Il grafene entra in sala operatoria contro i super-batteri

Ricercatori italiani studiano l'applicazione di un idrogel antimicrobico a ferri chirurgici e protesi

La lotta ai super-batteri si fa anche in sala operatoria. Per esempio rivestendo i ferri chirurgici e le protesi con sostanze antimicrobiche.
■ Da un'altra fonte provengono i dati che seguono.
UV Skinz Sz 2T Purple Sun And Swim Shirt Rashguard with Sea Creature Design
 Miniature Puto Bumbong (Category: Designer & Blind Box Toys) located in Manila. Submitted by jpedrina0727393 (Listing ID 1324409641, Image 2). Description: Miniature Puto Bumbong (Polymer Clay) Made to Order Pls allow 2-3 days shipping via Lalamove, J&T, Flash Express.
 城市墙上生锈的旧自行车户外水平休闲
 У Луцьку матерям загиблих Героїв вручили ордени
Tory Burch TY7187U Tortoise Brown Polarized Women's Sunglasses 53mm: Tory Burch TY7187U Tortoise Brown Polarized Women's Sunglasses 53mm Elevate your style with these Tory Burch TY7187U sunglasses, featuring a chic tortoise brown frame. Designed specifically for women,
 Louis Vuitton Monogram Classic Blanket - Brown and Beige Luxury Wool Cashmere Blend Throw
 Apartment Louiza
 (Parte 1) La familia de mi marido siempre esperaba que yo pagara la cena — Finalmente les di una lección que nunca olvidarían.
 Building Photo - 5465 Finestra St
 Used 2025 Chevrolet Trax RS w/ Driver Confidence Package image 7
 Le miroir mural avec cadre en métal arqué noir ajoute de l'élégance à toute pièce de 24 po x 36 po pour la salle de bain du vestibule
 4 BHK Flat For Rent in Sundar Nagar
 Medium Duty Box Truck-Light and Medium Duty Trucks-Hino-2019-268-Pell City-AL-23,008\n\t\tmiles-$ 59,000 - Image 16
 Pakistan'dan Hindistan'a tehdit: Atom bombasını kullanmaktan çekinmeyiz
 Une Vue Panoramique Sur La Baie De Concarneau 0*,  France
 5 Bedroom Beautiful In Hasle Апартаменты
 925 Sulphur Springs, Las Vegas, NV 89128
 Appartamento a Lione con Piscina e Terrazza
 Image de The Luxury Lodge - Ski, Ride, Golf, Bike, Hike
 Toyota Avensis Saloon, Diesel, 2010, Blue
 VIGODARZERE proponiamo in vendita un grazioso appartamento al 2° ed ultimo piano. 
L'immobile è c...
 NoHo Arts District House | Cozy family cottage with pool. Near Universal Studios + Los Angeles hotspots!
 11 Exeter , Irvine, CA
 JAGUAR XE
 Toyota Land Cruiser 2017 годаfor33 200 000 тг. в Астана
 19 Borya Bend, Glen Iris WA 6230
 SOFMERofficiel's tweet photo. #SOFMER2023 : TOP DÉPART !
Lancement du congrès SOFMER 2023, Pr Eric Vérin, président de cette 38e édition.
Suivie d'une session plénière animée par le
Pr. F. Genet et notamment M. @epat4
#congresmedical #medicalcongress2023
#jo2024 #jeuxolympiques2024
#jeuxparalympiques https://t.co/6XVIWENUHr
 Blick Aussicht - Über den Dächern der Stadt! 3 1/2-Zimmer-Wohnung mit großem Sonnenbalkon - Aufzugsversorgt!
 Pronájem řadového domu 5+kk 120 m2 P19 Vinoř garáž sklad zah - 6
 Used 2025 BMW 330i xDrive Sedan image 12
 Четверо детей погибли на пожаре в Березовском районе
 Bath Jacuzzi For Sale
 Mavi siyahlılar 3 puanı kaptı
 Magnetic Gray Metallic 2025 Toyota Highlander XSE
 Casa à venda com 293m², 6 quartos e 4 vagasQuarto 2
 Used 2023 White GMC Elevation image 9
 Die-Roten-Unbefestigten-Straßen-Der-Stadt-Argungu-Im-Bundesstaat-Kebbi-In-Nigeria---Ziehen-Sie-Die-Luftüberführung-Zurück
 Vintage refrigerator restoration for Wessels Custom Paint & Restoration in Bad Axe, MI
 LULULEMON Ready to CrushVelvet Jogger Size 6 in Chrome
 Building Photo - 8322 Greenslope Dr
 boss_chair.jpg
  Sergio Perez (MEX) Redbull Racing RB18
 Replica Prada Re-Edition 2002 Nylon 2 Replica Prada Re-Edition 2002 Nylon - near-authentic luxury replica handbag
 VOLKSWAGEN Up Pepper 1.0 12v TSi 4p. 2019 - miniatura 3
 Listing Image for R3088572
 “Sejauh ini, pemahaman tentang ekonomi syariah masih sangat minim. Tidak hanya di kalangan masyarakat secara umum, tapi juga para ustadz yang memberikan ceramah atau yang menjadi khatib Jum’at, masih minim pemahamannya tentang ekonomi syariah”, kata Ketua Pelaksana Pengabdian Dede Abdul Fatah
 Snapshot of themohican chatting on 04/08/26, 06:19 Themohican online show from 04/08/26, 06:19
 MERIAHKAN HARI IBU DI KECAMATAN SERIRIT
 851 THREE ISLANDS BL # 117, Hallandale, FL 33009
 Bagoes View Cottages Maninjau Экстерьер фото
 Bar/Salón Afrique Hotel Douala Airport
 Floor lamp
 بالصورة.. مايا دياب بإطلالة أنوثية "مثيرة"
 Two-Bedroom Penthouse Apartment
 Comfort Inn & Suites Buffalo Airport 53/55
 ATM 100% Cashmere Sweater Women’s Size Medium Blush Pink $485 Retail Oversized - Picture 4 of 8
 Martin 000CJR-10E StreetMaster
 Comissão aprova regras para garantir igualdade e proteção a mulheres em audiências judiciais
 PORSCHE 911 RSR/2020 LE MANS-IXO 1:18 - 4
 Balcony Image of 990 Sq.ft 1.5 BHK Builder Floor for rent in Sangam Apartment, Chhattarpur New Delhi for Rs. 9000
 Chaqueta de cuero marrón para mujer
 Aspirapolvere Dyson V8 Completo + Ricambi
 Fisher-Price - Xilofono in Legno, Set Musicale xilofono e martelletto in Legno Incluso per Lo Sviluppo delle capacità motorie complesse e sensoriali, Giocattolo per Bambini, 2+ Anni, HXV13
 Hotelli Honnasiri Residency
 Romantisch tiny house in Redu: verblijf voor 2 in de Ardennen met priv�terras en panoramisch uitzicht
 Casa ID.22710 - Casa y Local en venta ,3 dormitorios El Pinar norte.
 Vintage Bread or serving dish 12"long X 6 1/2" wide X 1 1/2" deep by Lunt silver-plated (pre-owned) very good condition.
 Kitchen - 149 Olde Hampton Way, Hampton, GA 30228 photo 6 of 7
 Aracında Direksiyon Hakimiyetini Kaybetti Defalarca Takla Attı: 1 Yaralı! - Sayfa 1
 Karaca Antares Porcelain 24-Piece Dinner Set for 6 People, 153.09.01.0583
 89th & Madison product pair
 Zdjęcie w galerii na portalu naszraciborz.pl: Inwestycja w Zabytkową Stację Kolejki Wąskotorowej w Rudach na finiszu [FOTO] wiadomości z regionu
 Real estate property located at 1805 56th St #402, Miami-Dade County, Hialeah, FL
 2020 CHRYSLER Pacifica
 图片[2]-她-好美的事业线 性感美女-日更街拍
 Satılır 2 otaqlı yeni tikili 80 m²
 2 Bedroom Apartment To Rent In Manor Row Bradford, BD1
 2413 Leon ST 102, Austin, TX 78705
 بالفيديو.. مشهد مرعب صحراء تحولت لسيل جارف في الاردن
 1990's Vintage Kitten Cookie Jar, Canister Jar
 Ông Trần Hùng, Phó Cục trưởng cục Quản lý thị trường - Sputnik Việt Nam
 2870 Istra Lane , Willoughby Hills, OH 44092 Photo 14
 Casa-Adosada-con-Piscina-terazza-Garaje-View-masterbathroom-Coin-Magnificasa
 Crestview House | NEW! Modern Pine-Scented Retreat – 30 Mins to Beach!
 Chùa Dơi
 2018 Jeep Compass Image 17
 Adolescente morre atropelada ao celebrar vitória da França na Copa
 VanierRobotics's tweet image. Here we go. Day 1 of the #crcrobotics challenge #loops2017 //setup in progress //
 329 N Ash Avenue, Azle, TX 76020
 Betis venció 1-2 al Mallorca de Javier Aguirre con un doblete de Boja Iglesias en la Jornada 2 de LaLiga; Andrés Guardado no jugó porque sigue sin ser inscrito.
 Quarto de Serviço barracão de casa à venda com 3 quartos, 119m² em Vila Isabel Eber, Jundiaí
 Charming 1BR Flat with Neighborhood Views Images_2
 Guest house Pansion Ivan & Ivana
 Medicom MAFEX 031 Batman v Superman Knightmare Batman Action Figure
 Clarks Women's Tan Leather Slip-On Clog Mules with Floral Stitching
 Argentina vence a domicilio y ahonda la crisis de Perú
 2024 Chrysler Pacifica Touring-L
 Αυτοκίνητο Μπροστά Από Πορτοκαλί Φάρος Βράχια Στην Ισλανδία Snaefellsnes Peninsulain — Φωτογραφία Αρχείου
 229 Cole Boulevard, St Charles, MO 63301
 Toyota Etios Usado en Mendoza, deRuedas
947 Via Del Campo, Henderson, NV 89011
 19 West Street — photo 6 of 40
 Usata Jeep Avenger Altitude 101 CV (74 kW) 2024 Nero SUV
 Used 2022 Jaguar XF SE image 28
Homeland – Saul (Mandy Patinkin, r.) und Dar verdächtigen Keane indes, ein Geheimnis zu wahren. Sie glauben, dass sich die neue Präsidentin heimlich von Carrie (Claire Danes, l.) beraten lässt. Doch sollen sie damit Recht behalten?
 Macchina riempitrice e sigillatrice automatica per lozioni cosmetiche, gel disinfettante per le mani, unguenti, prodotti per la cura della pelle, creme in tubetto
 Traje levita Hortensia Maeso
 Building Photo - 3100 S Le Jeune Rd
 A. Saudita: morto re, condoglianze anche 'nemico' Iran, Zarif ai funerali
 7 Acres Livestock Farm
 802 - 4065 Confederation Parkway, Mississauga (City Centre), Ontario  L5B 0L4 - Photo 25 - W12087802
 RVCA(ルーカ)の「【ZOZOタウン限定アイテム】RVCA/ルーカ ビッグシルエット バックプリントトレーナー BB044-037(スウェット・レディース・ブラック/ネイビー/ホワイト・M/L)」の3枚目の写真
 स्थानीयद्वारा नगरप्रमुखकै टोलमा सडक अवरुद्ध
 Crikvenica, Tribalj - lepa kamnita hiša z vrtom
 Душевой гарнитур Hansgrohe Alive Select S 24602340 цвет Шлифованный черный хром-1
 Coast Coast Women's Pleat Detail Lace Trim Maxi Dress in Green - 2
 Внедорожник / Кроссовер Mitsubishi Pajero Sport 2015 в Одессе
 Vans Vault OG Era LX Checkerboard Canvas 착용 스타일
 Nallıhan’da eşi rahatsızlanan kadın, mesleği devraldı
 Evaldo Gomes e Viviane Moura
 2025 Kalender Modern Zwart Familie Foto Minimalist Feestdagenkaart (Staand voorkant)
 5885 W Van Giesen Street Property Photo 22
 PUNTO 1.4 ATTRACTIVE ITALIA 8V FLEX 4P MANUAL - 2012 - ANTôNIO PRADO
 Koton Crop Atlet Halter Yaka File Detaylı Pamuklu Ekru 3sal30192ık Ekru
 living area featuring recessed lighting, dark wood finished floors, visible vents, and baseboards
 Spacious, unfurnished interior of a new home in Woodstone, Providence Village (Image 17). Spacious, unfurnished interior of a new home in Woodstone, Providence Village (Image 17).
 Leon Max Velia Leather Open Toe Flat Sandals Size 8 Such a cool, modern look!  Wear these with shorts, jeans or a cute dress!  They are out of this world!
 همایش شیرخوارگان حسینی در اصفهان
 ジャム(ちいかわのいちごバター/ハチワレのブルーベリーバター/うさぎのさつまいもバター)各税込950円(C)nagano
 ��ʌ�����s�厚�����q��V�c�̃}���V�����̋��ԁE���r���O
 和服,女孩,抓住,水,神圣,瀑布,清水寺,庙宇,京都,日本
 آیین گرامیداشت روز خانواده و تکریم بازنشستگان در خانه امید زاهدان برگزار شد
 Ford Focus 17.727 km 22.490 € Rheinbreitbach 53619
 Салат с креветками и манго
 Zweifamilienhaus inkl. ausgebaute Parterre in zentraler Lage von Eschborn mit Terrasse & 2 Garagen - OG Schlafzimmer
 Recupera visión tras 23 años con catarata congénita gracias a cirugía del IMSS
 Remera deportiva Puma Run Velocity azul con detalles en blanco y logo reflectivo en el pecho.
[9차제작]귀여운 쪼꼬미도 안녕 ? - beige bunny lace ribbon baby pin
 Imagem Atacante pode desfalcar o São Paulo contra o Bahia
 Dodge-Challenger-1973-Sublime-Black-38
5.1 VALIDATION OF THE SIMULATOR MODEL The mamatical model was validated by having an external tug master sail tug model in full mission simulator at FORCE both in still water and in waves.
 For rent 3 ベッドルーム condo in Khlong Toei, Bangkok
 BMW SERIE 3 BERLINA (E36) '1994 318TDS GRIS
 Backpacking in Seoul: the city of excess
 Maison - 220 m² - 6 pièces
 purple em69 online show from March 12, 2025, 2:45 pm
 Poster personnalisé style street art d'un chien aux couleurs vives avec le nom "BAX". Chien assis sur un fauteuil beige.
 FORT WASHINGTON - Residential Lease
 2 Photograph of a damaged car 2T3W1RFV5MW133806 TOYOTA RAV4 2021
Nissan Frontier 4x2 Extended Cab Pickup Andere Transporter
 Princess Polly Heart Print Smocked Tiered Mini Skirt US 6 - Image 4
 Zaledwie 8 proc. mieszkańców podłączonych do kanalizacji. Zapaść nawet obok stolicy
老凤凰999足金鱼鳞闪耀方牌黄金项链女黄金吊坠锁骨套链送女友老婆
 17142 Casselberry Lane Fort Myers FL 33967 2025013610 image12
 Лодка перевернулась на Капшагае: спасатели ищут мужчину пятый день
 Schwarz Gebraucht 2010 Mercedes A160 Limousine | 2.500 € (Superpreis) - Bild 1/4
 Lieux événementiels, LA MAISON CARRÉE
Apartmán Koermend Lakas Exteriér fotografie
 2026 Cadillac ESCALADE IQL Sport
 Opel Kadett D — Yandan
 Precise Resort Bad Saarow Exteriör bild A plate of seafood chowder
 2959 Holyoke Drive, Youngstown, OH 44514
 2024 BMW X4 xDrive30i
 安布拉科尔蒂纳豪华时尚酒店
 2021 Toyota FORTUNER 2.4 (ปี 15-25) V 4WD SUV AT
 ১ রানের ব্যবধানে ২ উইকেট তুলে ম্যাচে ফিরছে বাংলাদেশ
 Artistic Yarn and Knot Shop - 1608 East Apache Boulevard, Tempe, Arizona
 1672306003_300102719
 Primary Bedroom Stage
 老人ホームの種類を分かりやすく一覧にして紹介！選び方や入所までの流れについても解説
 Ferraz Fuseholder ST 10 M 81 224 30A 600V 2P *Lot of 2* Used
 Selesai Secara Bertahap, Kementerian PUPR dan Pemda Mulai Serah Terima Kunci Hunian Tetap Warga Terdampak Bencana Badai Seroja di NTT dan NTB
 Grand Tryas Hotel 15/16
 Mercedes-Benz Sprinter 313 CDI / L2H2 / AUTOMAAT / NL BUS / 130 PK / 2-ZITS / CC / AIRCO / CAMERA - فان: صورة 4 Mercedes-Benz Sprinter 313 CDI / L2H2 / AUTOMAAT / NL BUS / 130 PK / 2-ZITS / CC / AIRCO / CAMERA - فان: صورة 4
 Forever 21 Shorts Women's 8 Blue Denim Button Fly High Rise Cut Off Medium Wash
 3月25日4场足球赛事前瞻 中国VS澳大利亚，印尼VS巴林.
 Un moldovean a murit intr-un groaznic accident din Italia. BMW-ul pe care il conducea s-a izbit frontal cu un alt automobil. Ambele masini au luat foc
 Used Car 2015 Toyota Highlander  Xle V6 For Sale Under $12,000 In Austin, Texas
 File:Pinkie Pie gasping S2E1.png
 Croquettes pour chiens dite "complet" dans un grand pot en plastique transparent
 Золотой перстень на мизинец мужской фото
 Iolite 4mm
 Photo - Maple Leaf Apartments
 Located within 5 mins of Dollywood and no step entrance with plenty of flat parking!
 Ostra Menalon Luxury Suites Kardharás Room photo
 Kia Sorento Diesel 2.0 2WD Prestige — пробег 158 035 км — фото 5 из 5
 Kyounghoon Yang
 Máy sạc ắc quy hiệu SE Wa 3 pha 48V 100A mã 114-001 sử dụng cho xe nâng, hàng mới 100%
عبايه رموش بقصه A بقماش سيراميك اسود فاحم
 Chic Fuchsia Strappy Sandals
Una di queste è l’ossido di grafene le cui proprietà sono state sperimentate da un gruppo di ricercatori del Consiglio nazionale delle ricerche (Isc-Cnr), dell’Università Cattolica del Sacro Cuore di Roma, dell’Università Sapienza di Roma e dell’Università degli Studi dell’Aquila. Gli scienziati hanno pubblicato un lavoro sulla rivista Scientific Reports che prende le mosse dagli allarmanti dati sull’antibiotico-resistenza (400 mila persone infettate in Europa dal 2009 a oggi). “Abbiamo realizzato un rivestimento con un idrogel a base di ossido di grafene – spiega Massimiliano Papi dell’Università Cattolica – la cui azione antibatterica è dovuta alla struttura in fogli, in grado di tagliare la membrana della cellula batterica o di avvolgerne la superficie, contrastando così lo sviluppo di batteri resistenti ai farmaci”.